So you have decided you’d like to learn to sing, and you are a little confused as to where to start..
Learning to sing is a wonderful, rewarding activity, but like anything you do, you’ll need a good teacher to make the most of your singing lessons.
Here are three tips regarding how to choose the right singing teacher.
Firstly, if you don’t feel completely comfortable with your singing teacher, look around until you find a singing teacher that you do feel comfortable with. A singing teacher and student need to have the right rapport.
I always start with an initial vocal assessment and the purpose of this consultation is to check to see whether that rapport exists. If I’m not comfortable with you – or you’re not comfortable with me – our singing teacher/student relationship is destined to fail.

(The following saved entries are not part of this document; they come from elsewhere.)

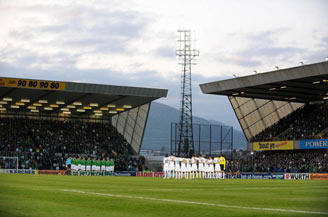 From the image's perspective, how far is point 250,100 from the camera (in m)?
64.9

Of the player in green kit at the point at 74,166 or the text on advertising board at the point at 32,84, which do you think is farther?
the text on advertising board at the point at 32,84

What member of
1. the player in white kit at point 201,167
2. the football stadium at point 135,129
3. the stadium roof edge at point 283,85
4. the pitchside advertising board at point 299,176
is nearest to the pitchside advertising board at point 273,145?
the football stadium at point 135,129

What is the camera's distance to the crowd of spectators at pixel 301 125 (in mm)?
54531

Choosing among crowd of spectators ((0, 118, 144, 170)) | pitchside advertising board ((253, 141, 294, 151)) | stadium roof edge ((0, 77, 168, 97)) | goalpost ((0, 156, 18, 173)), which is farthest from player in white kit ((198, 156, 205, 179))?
goalpost ((0, 156, 18, 173))

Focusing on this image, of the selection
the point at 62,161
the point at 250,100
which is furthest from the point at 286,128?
the point at 62,161

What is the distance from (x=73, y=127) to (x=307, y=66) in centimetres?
3255

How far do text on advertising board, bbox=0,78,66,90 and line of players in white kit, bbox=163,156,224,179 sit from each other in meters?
16.3

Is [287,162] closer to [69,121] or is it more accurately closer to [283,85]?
[283,85]

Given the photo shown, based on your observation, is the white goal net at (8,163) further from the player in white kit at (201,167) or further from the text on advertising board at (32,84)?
the player in white kit at (201,167)

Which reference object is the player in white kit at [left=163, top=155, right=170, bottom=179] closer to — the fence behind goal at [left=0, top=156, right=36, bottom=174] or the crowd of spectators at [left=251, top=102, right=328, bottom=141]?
the fence behind goal at [left=0, top=156, right=36, bottom=174]

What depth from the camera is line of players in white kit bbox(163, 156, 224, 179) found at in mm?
37344

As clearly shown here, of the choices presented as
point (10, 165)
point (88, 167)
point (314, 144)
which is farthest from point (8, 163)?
point (314, 144)

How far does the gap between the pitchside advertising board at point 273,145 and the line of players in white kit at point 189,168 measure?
54.6 feet

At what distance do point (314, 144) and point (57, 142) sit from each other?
94.4 ft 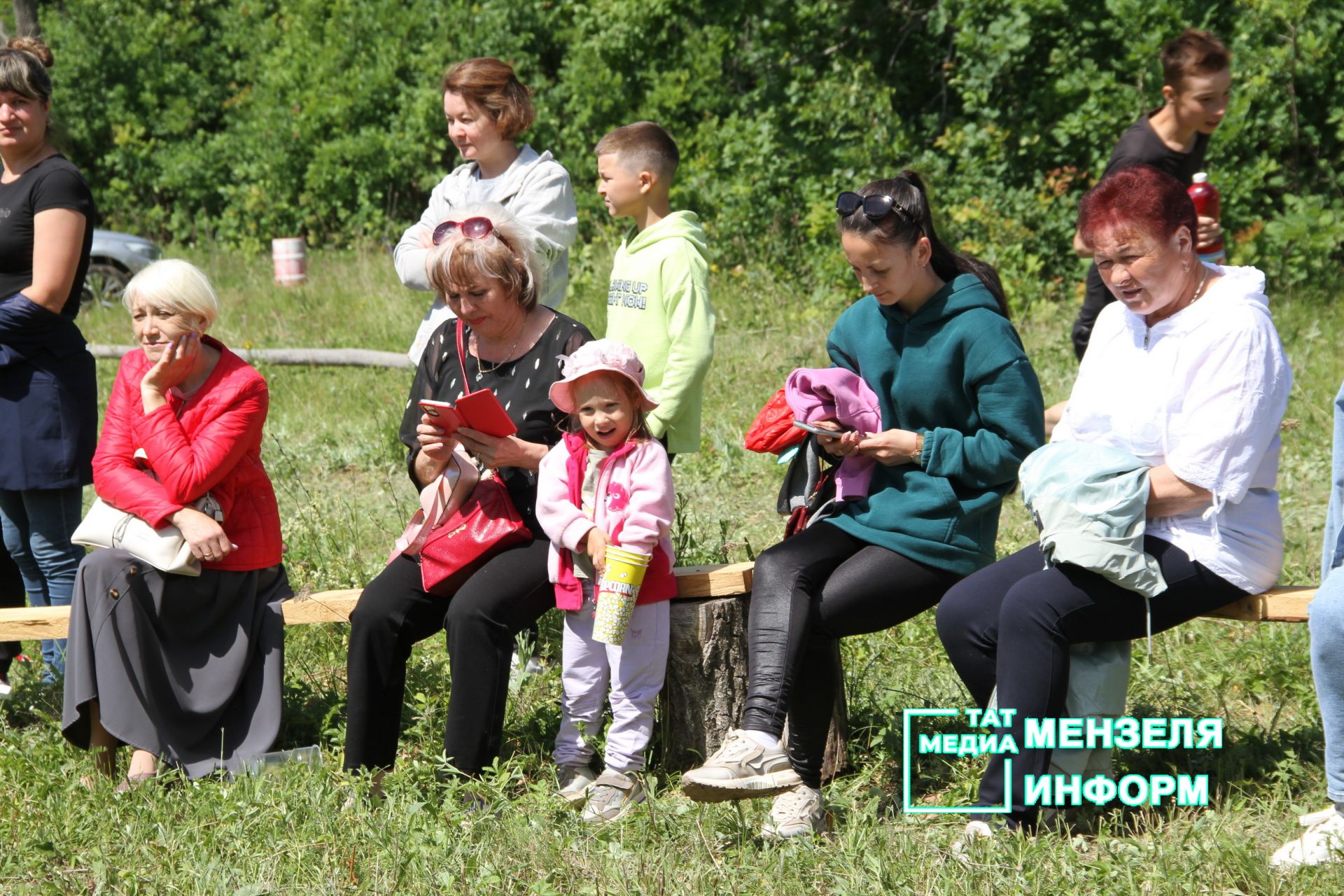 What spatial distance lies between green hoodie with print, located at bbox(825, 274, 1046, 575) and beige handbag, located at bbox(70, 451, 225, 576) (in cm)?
191

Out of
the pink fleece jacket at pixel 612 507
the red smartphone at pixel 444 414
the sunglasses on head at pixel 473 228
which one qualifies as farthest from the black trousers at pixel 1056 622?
the sunglasses on head at pixel 473 228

Secondly, there are a great many people who advertise themselves as singing teachers – and some not actually qualified for the job. You should be aware that just because someone can sing themselves, it doesn’t mean that they can teach someone else to sing. If you want to learn to sing, choose a singing teacher who is qualified, and comfortable teaching the styles of music which you are interested in learning. Look at the length of time they have been teaching, read their testimonials, see what their students have achieved. Some students need guidance with repertoire and style. A vocal coach can be helpful in this area, but a vocal coach can often be describing themselves as singing teachers, so be aware of the difference between the two. Make sure you know exactly WHAT you are looking for.

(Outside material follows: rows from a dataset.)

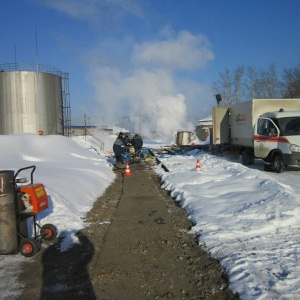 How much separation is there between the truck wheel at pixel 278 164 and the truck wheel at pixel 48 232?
1068cm

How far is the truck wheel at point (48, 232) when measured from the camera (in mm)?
5762

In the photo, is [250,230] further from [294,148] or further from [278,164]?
[278,164]

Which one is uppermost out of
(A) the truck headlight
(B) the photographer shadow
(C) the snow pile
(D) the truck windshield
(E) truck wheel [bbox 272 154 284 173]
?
(D) the truck windshield

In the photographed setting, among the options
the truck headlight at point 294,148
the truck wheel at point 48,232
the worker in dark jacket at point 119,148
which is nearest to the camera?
the truck wheel at point 48,232

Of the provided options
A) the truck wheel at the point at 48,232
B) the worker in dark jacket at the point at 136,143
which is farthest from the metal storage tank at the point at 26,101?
the truck wheel at the point at 48,232

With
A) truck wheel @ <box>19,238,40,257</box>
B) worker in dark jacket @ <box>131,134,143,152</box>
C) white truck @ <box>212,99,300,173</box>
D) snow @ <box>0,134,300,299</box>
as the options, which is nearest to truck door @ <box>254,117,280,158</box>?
white truck @ <box>212,99,300,173</box>

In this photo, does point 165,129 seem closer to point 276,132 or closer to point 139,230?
point 276,132

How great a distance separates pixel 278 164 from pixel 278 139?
1035 mm

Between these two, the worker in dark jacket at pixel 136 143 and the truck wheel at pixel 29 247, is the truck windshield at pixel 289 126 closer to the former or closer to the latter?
the worker in dark jacket at pixel 136 143

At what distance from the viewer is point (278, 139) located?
46.0ft

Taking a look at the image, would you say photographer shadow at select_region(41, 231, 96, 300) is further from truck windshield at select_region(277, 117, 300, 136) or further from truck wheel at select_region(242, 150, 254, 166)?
truck wheel at select_region(242, 150, 254, 166)

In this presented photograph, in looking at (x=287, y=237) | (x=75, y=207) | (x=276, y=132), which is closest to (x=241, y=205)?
(x=287, y=237)

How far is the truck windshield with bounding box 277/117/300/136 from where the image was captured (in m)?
13.7

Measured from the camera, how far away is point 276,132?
14141mm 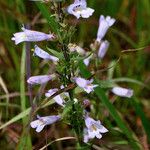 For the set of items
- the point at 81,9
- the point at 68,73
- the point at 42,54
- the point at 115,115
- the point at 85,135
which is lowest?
the point at 85,135

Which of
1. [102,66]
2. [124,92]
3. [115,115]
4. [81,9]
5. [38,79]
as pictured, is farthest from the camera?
[102,66]

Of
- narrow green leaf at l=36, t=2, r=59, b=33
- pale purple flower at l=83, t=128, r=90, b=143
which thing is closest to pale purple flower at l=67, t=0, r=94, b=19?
narrow green leaf at l=36, t=2, r=59, b=33

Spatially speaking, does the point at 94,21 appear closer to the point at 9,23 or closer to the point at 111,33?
the point at 111,33

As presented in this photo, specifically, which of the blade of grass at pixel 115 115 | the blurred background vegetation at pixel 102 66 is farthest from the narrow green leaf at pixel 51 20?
the blurred background vegetation at pixel 102 66

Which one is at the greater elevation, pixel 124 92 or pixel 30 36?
pixel 30 36

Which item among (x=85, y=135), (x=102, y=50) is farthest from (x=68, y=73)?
(x=102, y=50)

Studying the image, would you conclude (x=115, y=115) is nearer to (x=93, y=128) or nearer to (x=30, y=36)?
(x=93, y=128)

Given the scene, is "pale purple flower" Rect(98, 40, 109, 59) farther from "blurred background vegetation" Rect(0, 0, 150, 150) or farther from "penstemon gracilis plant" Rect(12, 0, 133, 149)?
"penstemon gracilis plant" Rect(12, 0, 133, 149)

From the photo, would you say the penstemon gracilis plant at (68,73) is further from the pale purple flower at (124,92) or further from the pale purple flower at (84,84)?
the pale purple flower at (124,92)

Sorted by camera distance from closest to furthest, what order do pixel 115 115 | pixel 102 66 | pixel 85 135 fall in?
pixel 85 135 < pixel 115 115 < pixel 102 66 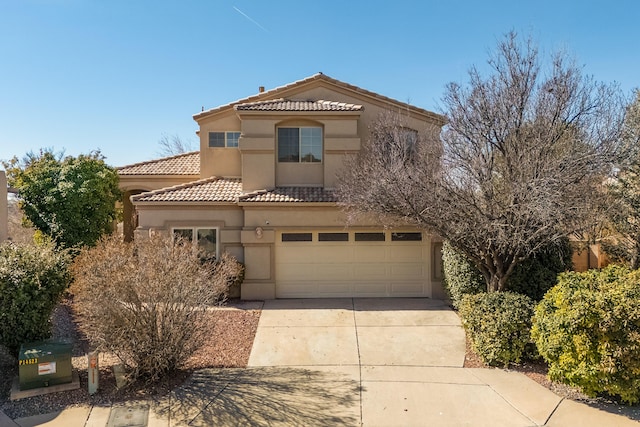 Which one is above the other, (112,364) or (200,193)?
(200,193)

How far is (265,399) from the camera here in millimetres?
6336

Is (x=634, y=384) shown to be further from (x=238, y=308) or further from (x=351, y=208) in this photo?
(x=238, y=308)

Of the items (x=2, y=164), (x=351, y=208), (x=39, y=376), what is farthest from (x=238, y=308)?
(x=2, y=164)

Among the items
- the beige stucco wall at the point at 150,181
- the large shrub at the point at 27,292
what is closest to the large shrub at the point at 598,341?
the large shrub at the point at 27,292

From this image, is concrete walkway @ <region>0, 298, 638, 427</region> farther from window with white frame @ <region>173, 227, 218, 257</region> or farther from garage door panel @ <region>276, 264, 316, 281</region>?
window with white frame @ <region>173, 227, 218, 257</region>

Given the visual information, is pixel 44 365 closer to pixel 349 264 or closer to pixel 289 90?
pixel 349 264

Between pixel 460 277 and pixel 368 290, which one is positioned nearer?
pixel 460 277

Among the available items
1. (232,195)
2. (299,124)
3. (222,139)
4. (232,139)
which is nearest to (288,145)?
(299,124)

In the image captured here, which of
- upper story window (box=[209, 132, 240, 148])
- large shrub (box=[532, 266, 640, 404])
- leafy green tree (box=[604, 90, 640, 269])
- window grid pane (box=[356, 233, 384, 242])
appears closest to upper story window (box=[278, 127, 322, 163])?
upper story window (box=[209, 132, 240, 148])

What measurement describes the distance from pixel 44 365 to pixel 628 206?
14.4 meters

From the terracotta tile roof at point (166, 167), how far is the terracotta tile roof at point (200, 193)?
3009 millimetres

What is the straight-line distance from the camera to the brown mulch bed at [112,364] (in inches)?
243

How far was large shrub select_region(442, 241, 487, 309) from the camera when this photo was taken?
10.7 m

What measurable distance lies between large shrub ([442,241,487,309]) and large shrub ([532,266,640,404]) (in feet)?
13.4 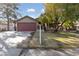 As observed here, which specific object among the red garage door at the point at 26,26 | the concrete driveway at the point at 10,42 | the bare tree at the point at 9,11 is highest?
the bare tree at the point at 9,11

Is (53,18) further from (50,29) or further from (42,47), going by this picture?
(42,47)

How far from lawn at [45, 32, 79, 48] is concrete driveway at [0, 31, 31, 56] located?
389mm

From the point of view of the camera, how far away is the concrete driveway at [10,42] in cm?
285

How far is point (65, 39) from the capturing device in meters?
2.86

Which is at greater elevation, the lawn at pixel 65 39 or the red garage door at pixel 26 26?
the red garage door at pixel 26 26

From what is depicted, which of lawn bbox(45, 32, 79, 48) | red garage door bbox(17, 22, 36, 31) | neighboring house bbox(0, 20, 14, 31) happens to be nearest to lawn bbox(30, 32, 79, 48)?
lawn bbox(45, 32, 79, 48)

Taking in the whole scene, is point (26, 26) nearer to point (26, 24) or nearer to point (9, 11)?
point (26, 24)

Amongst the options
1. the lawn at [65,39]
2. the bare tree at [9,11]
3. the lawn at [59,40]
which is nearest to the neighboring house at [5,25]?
the bare tree at [9,11]

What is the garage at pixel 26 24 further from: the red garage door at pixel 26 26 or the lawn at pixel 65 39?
the lawn at pixel 65 39

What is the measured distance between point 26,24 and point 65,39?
593mm

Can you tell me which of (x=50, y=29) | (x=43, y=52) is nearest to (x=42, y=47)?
(x=43, y=52)


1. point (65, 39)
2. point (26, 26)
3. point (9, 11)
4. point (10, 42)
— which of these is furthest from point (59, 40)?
point (9, 11)

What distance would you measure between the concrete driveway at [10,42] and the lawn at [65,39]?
389mm

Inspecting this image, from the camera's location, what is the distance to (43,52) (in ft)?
9.42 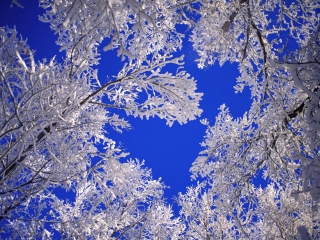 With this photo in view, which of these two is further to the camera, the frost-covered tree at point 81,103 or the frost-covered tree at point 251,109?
the frost-covered tree at point 251,109

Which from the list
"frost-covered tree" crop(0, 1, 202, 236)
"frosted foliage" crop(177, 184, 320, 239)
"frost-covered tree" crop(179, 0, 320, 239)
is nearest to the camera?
"frost-covered tree" crop(0, 1, 202, 236)

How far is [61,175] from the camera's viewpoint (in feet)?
12.3

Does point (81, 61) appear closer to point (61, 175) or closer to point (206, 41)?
point (61, 175)

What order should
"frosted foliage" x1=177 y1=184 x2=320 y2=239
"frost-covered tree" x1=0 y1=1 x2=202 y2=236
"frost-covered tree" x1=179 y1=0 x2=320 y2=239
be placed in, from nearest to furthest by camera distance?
"frost-covered tree" x1=0 y1=1 x2=202 y2=236, "frost-covered tree" x1=179 y1=0 x2=320 y2=239, "frosted foliage" x1=177 y1=184 x2=320 y2=239

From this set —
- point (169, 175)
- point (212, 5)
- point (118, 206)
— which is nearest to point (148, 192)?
point (118, 206)

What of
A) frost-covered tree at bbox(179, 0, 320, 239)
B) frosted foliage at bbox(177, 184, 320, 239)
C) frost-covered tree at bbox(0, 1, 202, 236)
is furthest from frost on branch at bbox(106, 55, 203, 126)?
frosted foliage at bbox(177, 184, 320, 239)

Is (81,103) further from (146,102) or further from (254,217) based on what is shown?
(254,217)

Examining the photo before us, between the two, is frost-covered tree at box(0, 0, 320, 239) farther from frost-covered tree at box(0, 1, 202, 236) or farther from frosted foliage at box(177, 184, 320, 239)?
frosted foliage at box(177, 184, 320, 239)

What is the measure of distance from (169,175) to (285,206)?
17915 centimetres

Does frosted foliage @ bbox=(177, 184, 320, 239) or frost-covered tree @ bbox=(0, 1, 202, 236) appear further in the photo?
frosted foliage @ bbox=(177, 184, 320, 239)

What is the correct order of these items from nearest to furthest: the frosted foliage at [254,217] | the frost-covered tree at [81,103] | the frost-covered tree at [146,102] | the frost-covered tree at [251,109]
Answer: the frost-covered tree at [146,102] → the frost-covered tree at [81,103] → the frost-covered tree at [251,109] → the frosted foliage at [254,217]

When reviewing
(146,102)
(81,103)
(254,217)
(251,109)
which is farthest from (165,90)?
(254,217)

You can start your search for a singing teacher in Australia using the ANATS database.
Thirdly, most singing teachers have specialties, so look for one that is a good fit for you. My studio specialises in people looking to perform contemporary music both professionally and also students who simply have a passion to sing , maybe just for themselves or their families. Some of my students have been successful in gaining entry into prestigious performing arts academies (such as NIDA, WAAPA or LAMDA). And while I teach classical crossover, I don’t teach Opera, for example. If you wanted to learn to sing Opera, you need to look for someone who specialises in the field of Classical singing. I am now able to use Skype or FaceTime to do online lessons with students who are performing overseas or even simply interstate students.